What you are asked to do: Send back the data below exactly. Drop every picture.

Collected data:
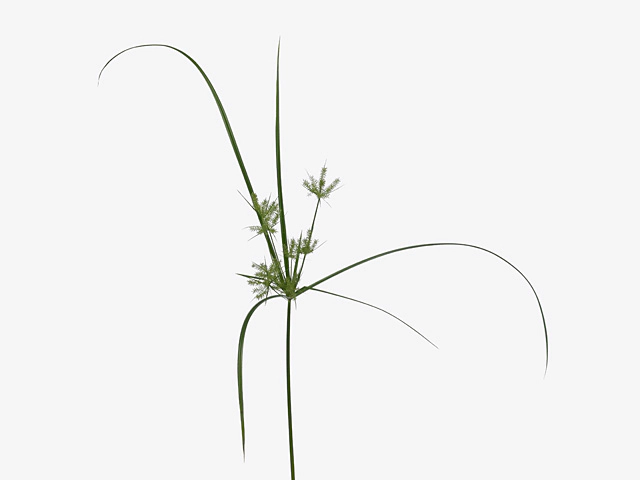 Cyperus 'Spider'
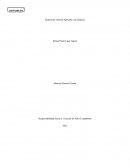 Responsabilidad Social y Creación de Valor Compartido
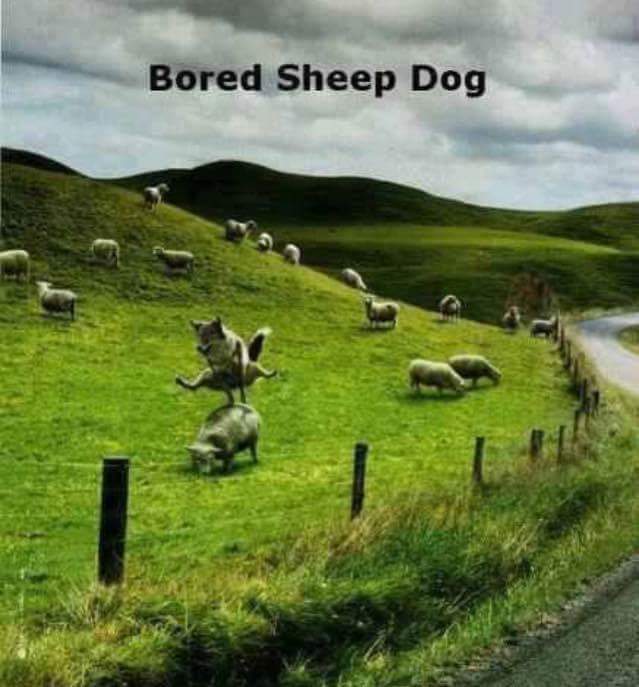 CassieBob2's tweet photo. @BCTGB @dogcelebration https://t.co/KuLY6bqQi3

Response below:
 Cyperus 'Spider'
 Responsabilidad Social y Creación de Valor Compartido
 CassieBob2's tweet photo. @BCTGB @dogcelebration https://t.co/KuLY6bqQi3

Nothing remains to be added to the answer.